# [Dataset excerpts]

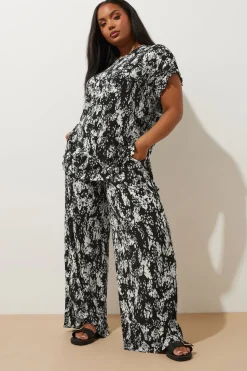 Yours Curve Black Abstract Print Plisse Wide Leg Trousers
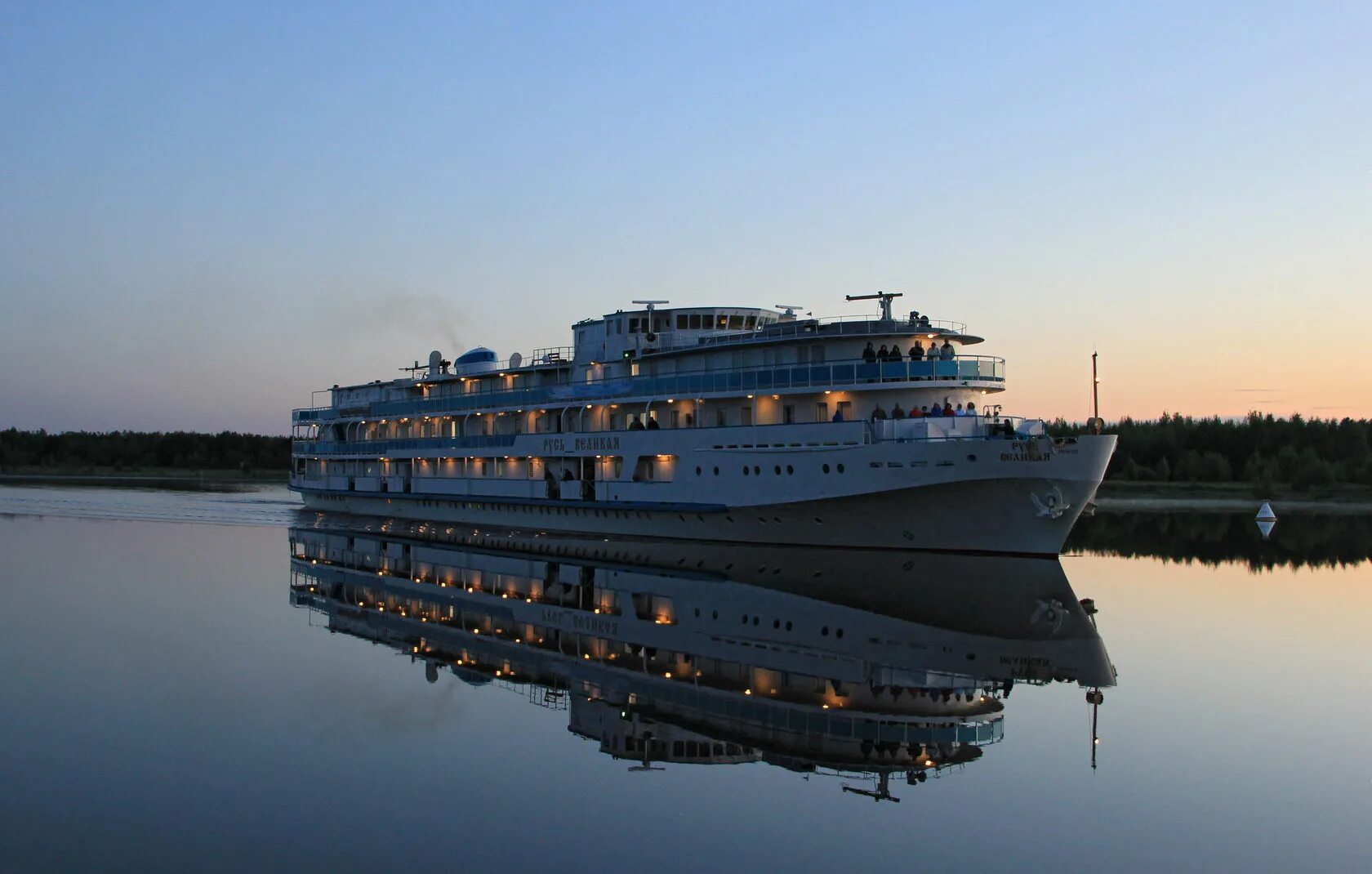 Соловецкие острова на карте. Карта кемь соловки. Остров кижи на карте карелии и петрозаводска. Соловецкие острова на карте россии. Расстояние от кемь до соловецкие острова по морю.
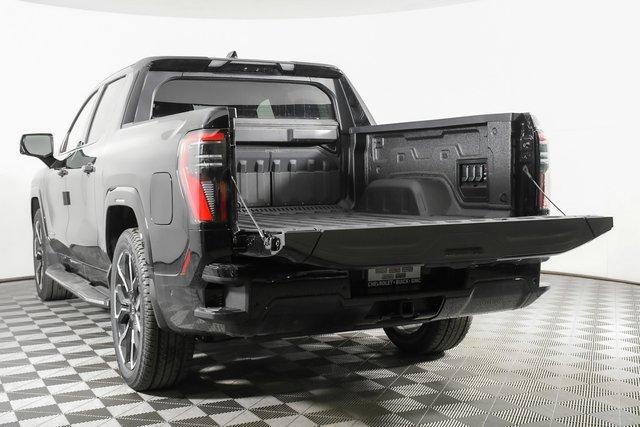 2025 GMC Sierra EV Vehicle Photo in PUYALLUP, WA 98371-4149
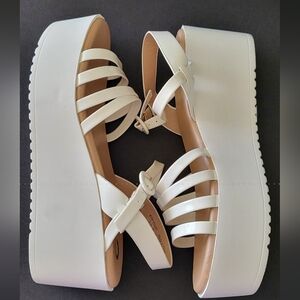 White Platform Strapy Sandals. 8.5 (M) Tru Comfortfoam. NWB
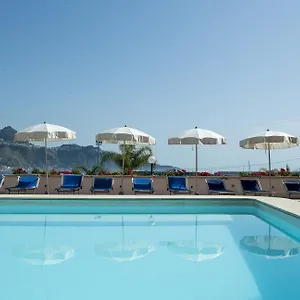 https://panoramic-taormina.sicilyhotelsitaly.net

# [Exercise objective]
An exact copy of all the lines above is required, with the pictures removed.

# [Response]
 Yours Curve Black Abstract Print Plisse Wide Leg Trousers
 Соловецкие острова на карте. Карта кемь соловки. Остров кижи на карте карелии и петрозаводска. Соловецкие острова на карте россии. Расстояние от кемь до соловецкие острова по морю.
 2025 GMC Sierra EV Vehicle Photo in PUYALLUP, WA 98371-4149
 White Platform Strapy Sandals. 8.5 (M) Tru Comfortfoam. NWB
 https://panoramic-taormina.sicilyhotelsitaly.net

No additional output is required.